Stay Updated on Developing Stories

Venice is sinking and this time it may go under

Editor's Note: (David M. Perry is a journalist, historian and author of "Sacred Plunder: Venice and the Aftermath of the Fourth Crusade." He's the senior academic adviser to the History Department at the University of Minnesota. Follow him on Twitter. The views expressed here are those of the author. View more opinion articles on CNN. )

(CNN) Venice is sinking. In a way this isn't news. The mere survival of Venice in 2019 is a testament to the determination, ingenuity, collaboration, and ferocity of humans seeking to eke out a life in hostile environments.

David Perry

From its founding in the Early Middle Ages, Venice has had a fraught relationship with the sea, dependent on it for food and trade, protected from the mainland by the waters of the lagoon, yet always threatened by changing environmental conditions. Today, though, wind and water lash the palaces and churches with alarming frequency. "Acqua alta," the term locals use for when the water gets high, pours through the city, most recently even flooding the great church of San Marco. According to The Guardian, it's only the sixth recorded time the church has flooded in the last 1200 years, but the fourth in the last 20 years. Venice is sinking, and this time it may go under.

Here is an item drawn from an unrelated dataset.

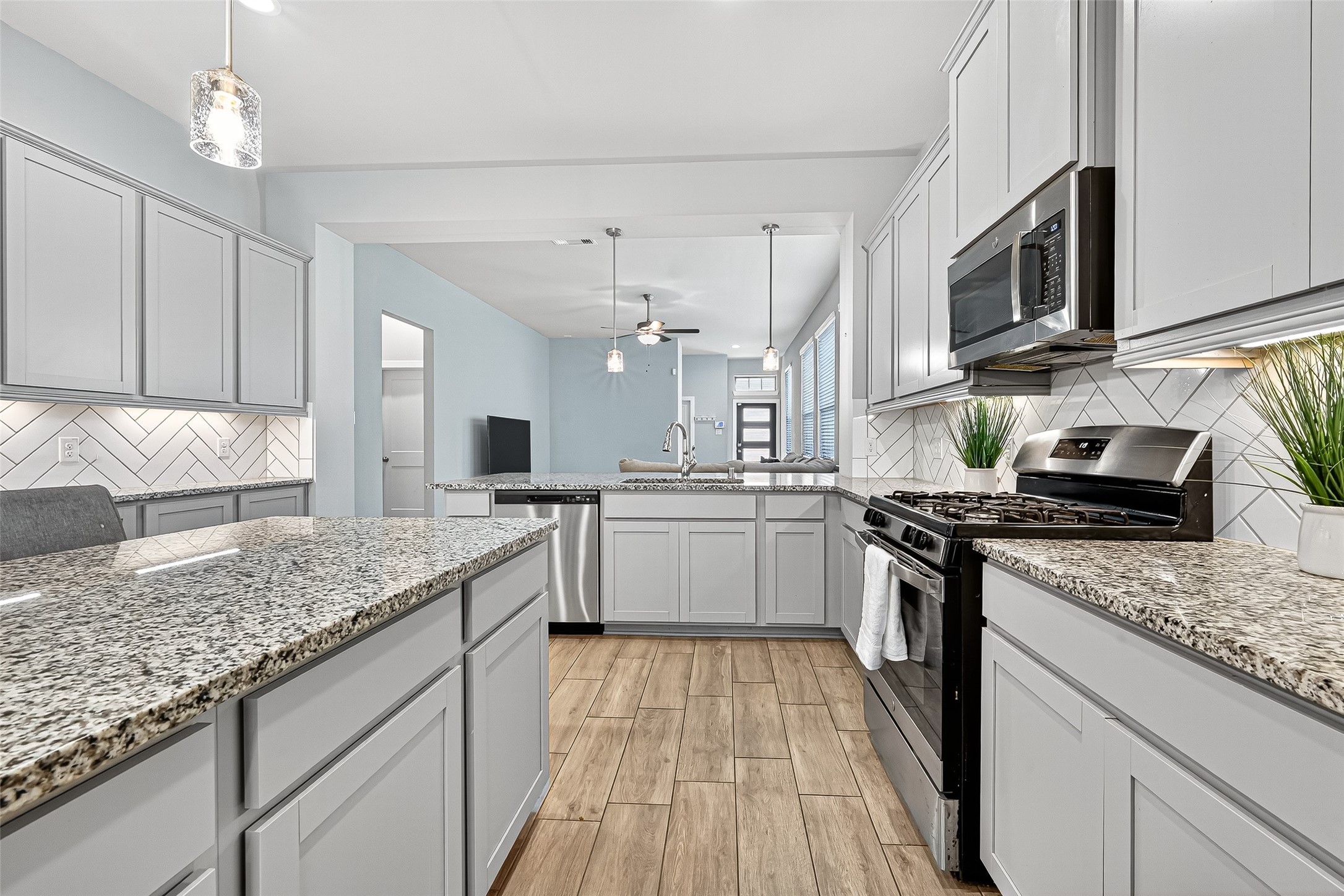 Hockley Condo: 31130 Cardrona Peak Place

Venetians have always recognized that human choices would shape their relationship with the natural world. The sixth-century Roman statesman Cassiodorus described the Venetians gorging themselves on fish, harvesting salt, and living in "scattered homes, not the product of Nature, but cemented by the care of man into a firm foundation." As Venice transformed politically first into a colony of Byzantium, then an independent city-state ruled by hereditary rulers, then an oligarchical republic, and finally into an empire with holdings across the seas, its residents understood that their fate would be determined at least in part by their relationship with the natural world, though not in simple or harmonious terms. Rather, as the French historian Elizabeth Crouzet-Pavan has shown, Venetians knew that the ecology of their lagoon was fragile and that either too much or not enough water flowing in or out could spell their destruction. They build up the thin islands that sheltered the lagoon. They engaged in complex hydrology projects to shift the flow of rivers. They watched as the neighboring city of Torcello collapsed in the mud, plague-ridden, malarial swamp.

I lived in Venice during the fall and winter of 2003, residing in a little apartment on the Street of Paradise, above an antique bookshop, right by the church of Santa Maria Formosa (the beautiful). I was studying how medieval Venetians told stories about their city, building rich narratives that linked the city's destiny to complicated networks of trade and culture that stretched across the Adriatic and Mediterranean Seas. Every day I would walk down streets that followed medieval paths and work with both textual and visual evidence in a library across from the great Basilica. Often I would wind my way through crowds of tourists and pigeons to the "prayer" door in the church, chatting with the guards as I made my way inside to stare up at gold mosaics.

How long until the great church is only accessible by boat, if at all?

Like medieval Venetians, the modern ones have turned to massive civic projects in an attempt to hold back the tide, patterning its Project Moses on similar works in Holland. Moses, a linked system of 78 gates, was proposed in the 1980s. Work began in 2003. Corruption scandals and incompetent management delayed completion, but it's scheduled to be fully operational by 2022. I worry, as do others, that at best a fully operational Project Moses would just buy time, but one cannot simply build a wall to stop the ever-rising waters and the fiercer weather caused in our warming world. We need global action.

There's a hope that the threat to Venice, the potential loss of so much beauty, might finally stir our political leadership around the world to action. If that were true, while so much could be saved, it would still be a sad indictment that only the Western European art mattered, rather than the millions or billions of people (often poor, often non-white) whose lives are threatened by a climate crisis largely of the West's making. Still, could the rising waters that imperil Venice prompt some sort of shift in mentality in those who have the power to help?

Signs aren't good. Even the regional council in Venice, meeting after the flood, rejected major measures designed to combat the climate crisis. Ironically, their council chamber started to flood even as they voted down the structural changes Venice -- and the world -- might need to take. If we want to save Venice, and more importantly save all the people whose lives are imperiled, I think we're going to need better leaders.